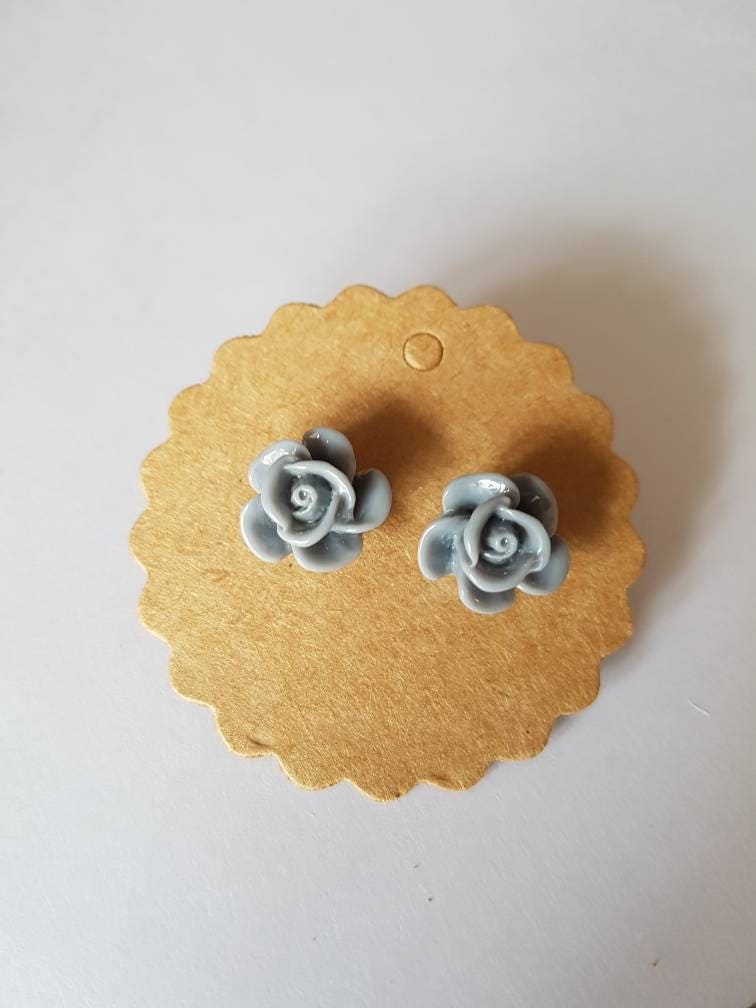 Graue Rose Ohrringe von KahliLifestyle
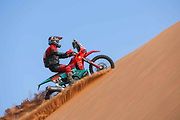 Účastníci Rallye Dakar zdolávají obrovské duny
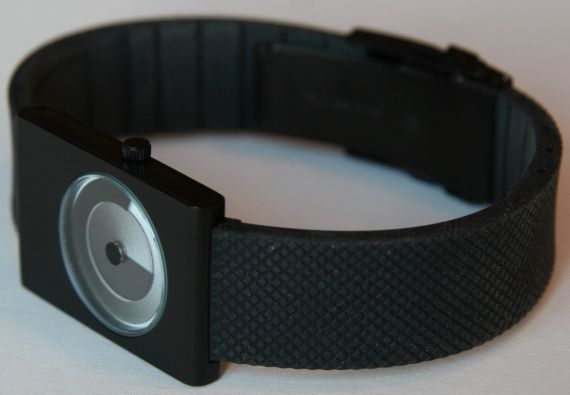 采用輕質陽極氧化鋁的i-TOC手表-復刻表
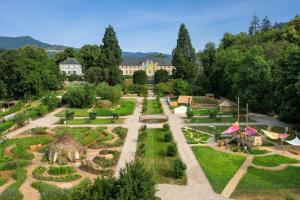 an aerial view of a garden at Villa calme avec vue 4 à 8 personnes - salle de sport in Saint-Amarin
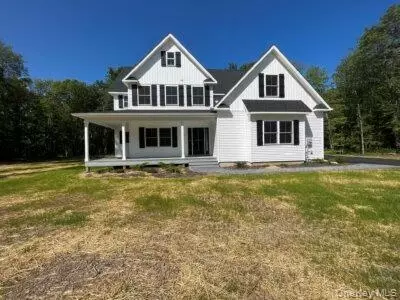 lot Apt 19 Bee Blossom Ct, Wawayanda, NY 10973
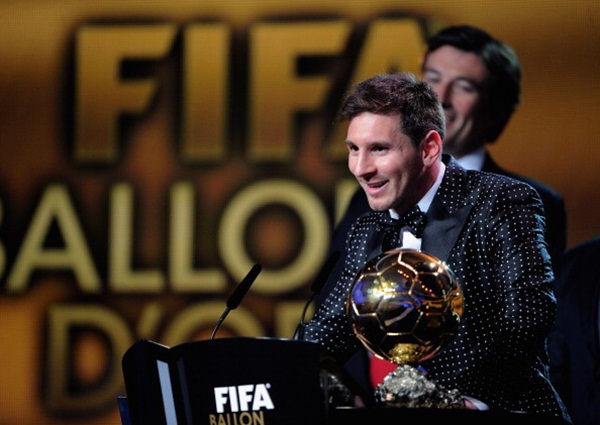 Messi "diện" áo xấu đi nhận Ballon D'or 1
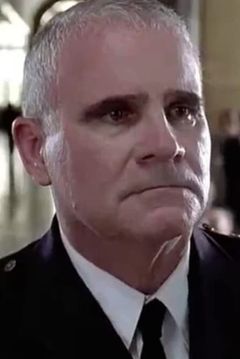 John Mahon interpreta Police Chief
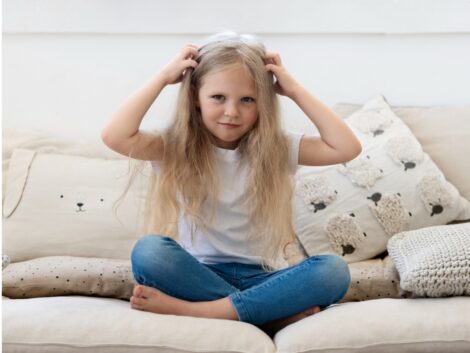 How-can-parents-address-common-hair-issues-like-tangles-frizz-or-dryness-in-children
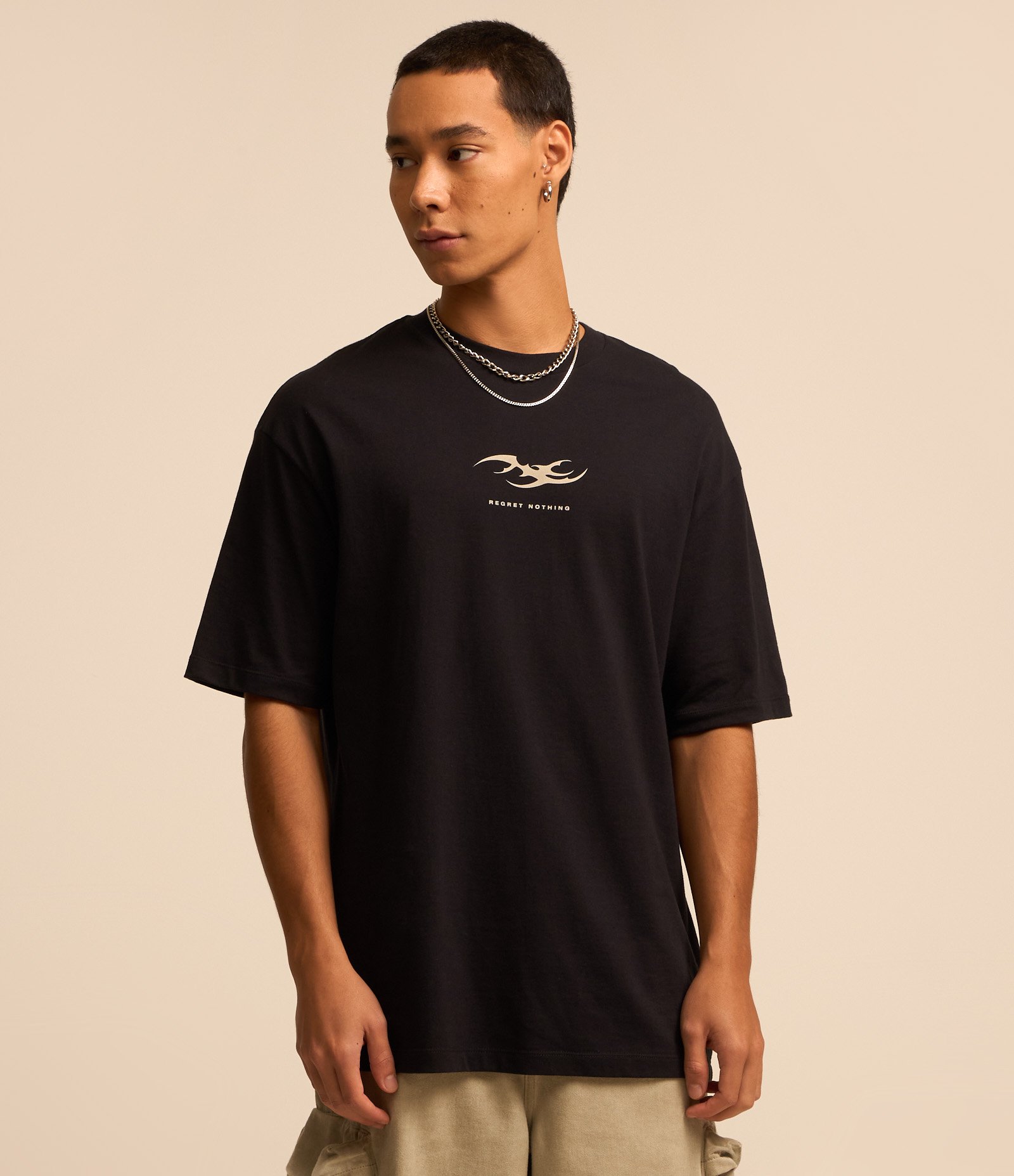 Camiseta Relaxed em Algodão com Estampa Lettering Preto 5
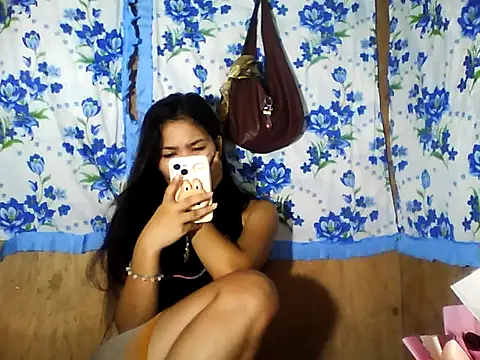 PinaySkinnyJust18 online show from 05-03-26, 10:57
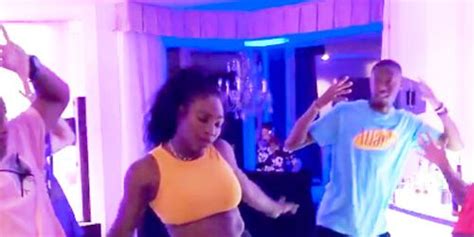 serena williams twerks and shows off abs in dance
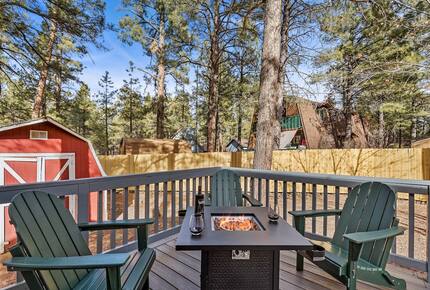 Kachina Village Retreat with Trail Access - Flagstaff, Arizona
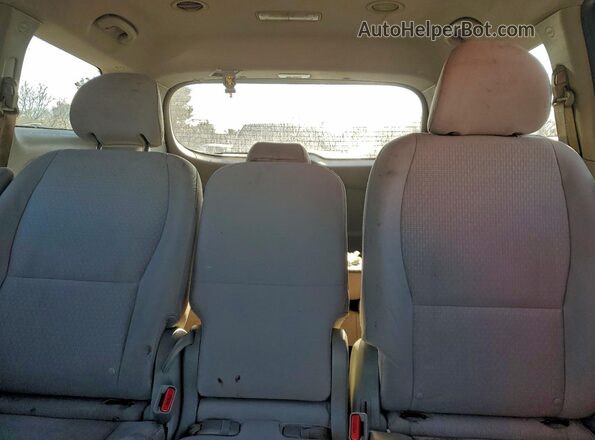 KNDMB5C1XH6227282 2017 KIA SEDONA Серебряный Вид задних сидений
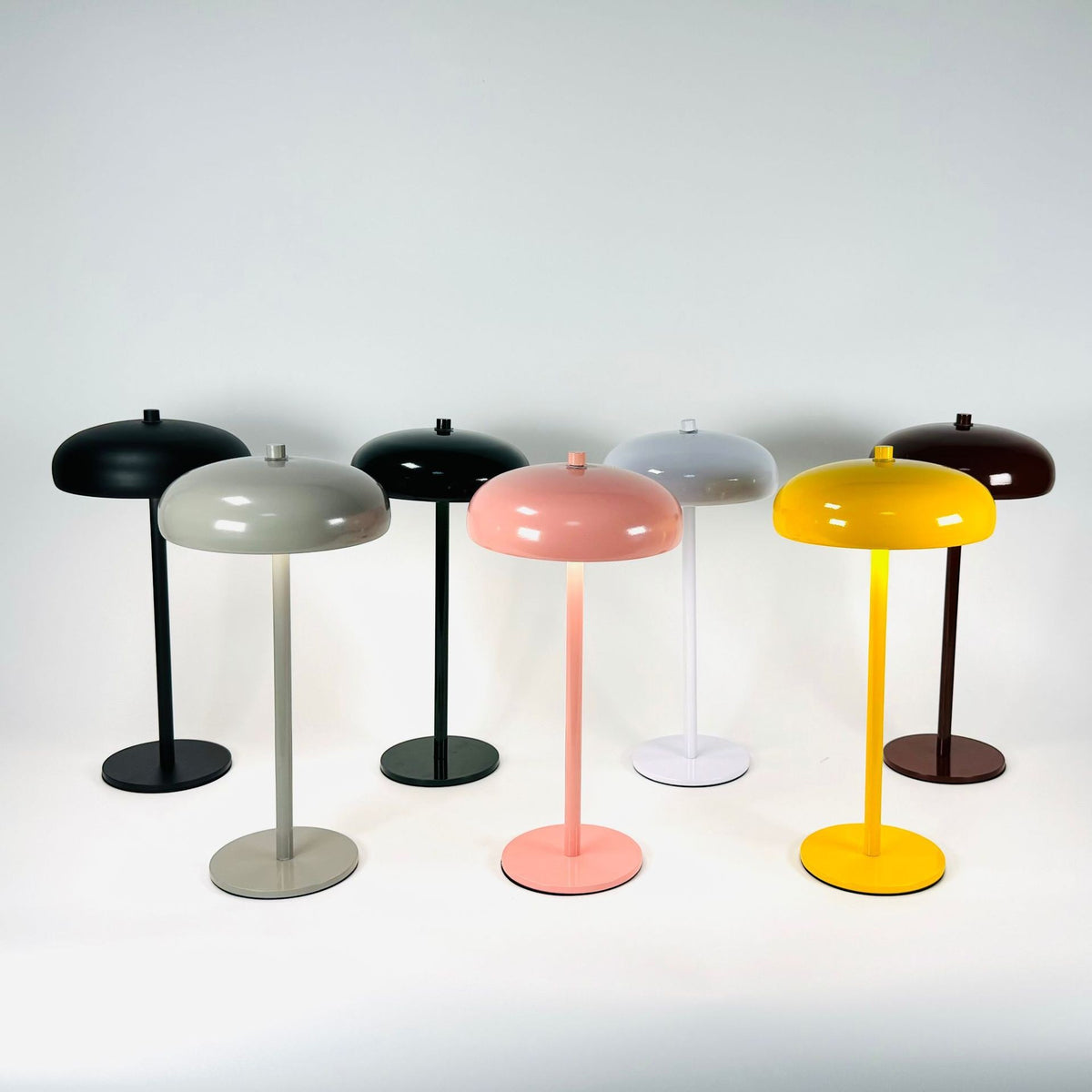 Collection de lampes champignon minimalistes rechargeables Lumeoo en divers coloris pour une ambiance cosy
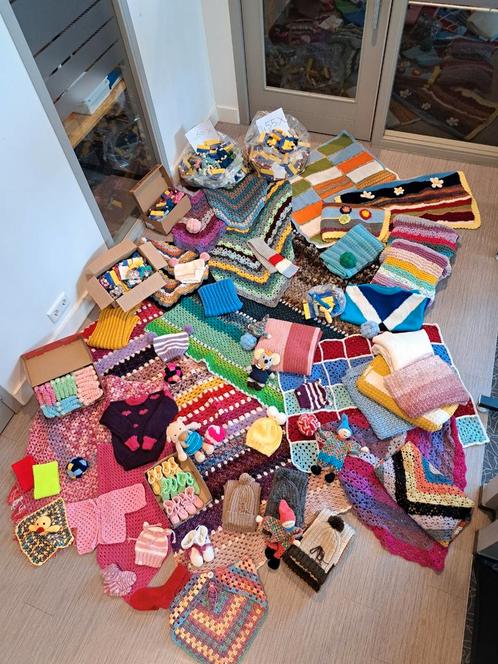 Inloophuis zoekt gratis hele bollen wol/katoen vr Oekraïne, Huis en Inrichting, Keuken | Textiel, Nieuw, Ophalen of Verzenden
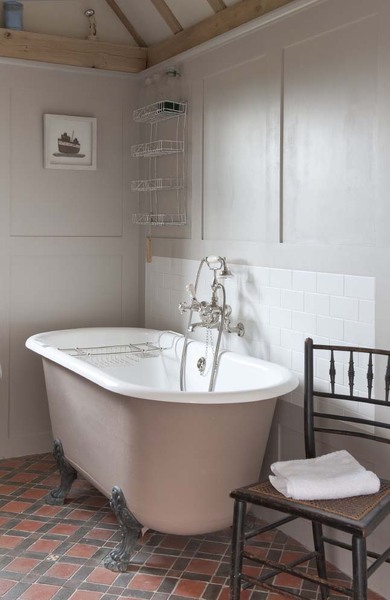 What paint colour for this room? It's a tricky one..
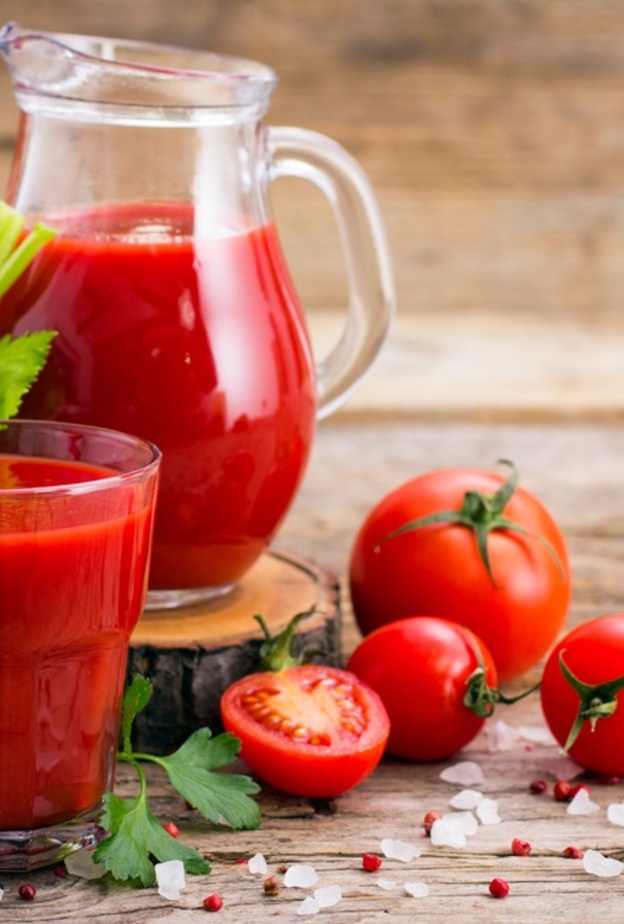فوائد صحية لعصير الطماطم لتقوية المناعة ومحاربة الشيخوخة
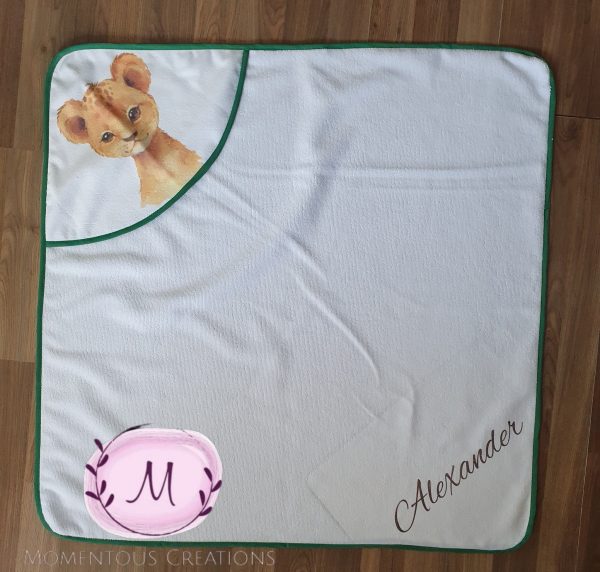 Safari lion hooded towel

#### [Required action]
Could you transcribe exactly the entries above, but only the lines from the one with "KNDMB5C1XH6227282 2017 KIA" through the one with "فوائد صحية لعصير", and without pictures?

#### [Answer section]
 KNDMB5C1XH6227282 2017 KIA SEDONA Серебряный Вид задних сидений
 Collection de lampes champignon minimalistes rechargeables Lumeoo en divers coloris pour une ambiance cosy
 Inloophuis zoekt gratis hele bollen wol/katoen vr Oekraïne, Huis en Inrichting, Keuken | Textiel, Nieuw, Ophalen of Verzenden
 What paint colour for this room? It's a tricky one..
فوائد صحية لعصير الطماطم لتقوية المناعة ومحاربة الشيخوخة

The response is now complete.